With a 20x9.5 foot space, I have experimented with lots of layouts. Zig-zags, gentle curves, grids, but I generally come back to three rows, with two paths between them. Here is what I have planted so far, mostly so I can go back to this later when I have forgotten what is what.
The northernmost row is row number 1, going from east to west (from the entrance to the stump); all plants are 18-36 inches apart.
2 basil plants
8 peppers. The label at the farmers market said "Sweet Cayenne (Jimmy Nardello)", I don't know how accurate it is because I got these from the local Hmong market, and as English is a second language, I've had mixups before. I'm 95 percent sure these are a sweet pepper, but I've gotten "Sweet Cayenne" from this same seller and they definitely were not Jimmy Nardellos in the past. So I'd say 60 percent sure they are real Jimmy Nardellos.
2 red sweet peppers. These had a picture and she said they were sweet peppers but I didn't write down the variety. I think it's Corno di Toro maybe.

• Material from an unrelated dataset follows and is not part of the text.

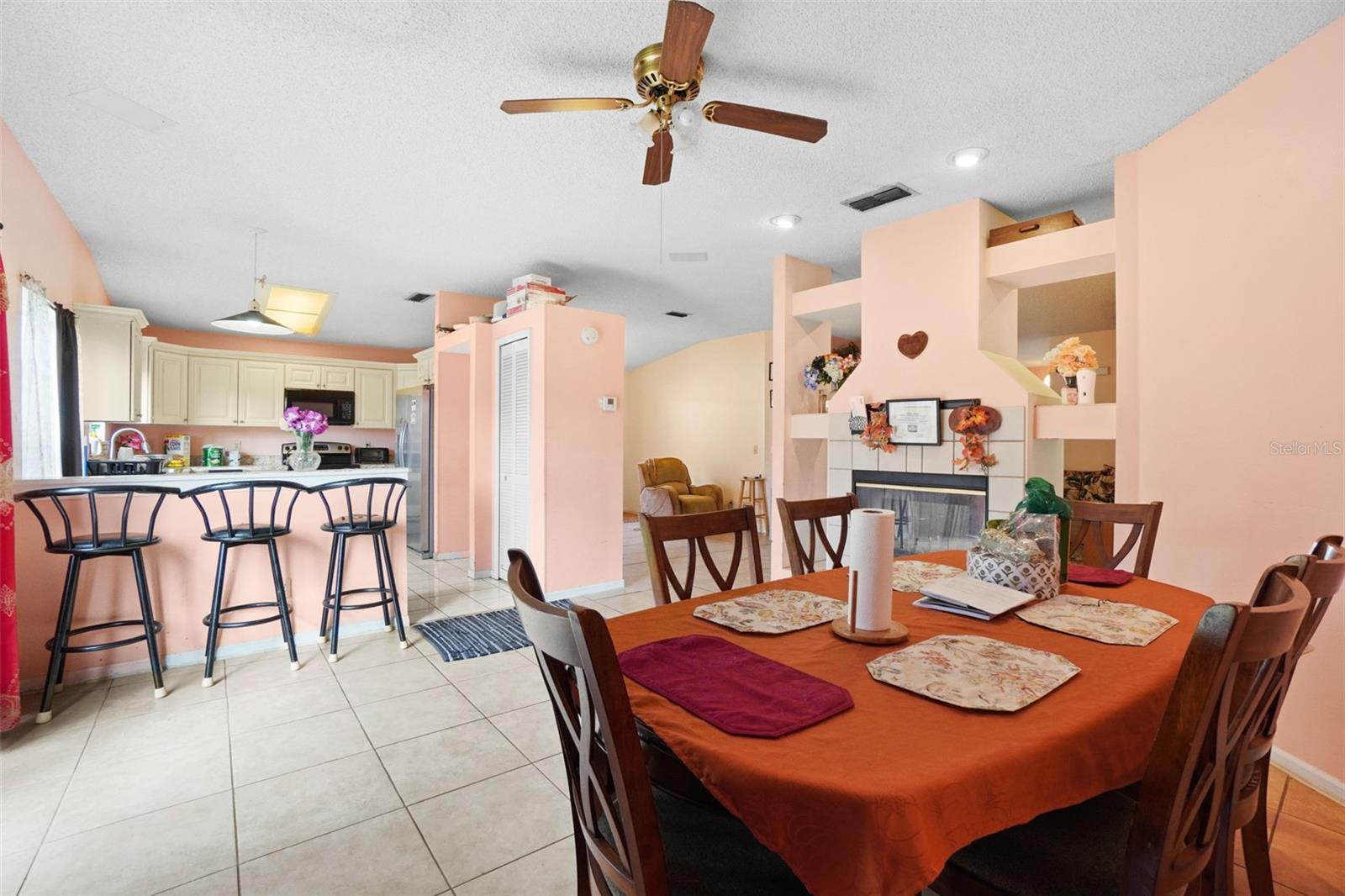 HOLDEN RIDGE - Residential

6 Sweet 100 cherry tomatoes
3 Federle tomatoes (these 3 tomatoes were the only seeds I started that actually made it and didn't die due to a misadventure with a rough cold stnap right after transplanting them into larger containers)
4 Early Girl tomatoes
2 Striped German tomatoes
4 sweet green peppers. I didn't write down the exact variety, all I know is she said they were delicious when roasted, and that I should pick them when they are green. I think, after some googling, it's Shishito.
2 pickling cucumbers (to grow against the south fence)
4 Bishops hat peppers (supposed to be a thin walled medium hot red pepper)
2 white cucumbers to grow against the fence)
2 Ghost peppers
I still have 2 Corno di Toro plants that I need to find a place for, and 4 Thai hot purple peppers.
This year, the kids decided they didn't want to grow Carolina Reapers and Dragons Breath peppers, after two of them tried eating a Dragon's Breath pepper raw with no milk. Didn't do well with ghost peppers last year though, a deer came and grazed the plants to the ground. Hopefully that doesn't happen this year.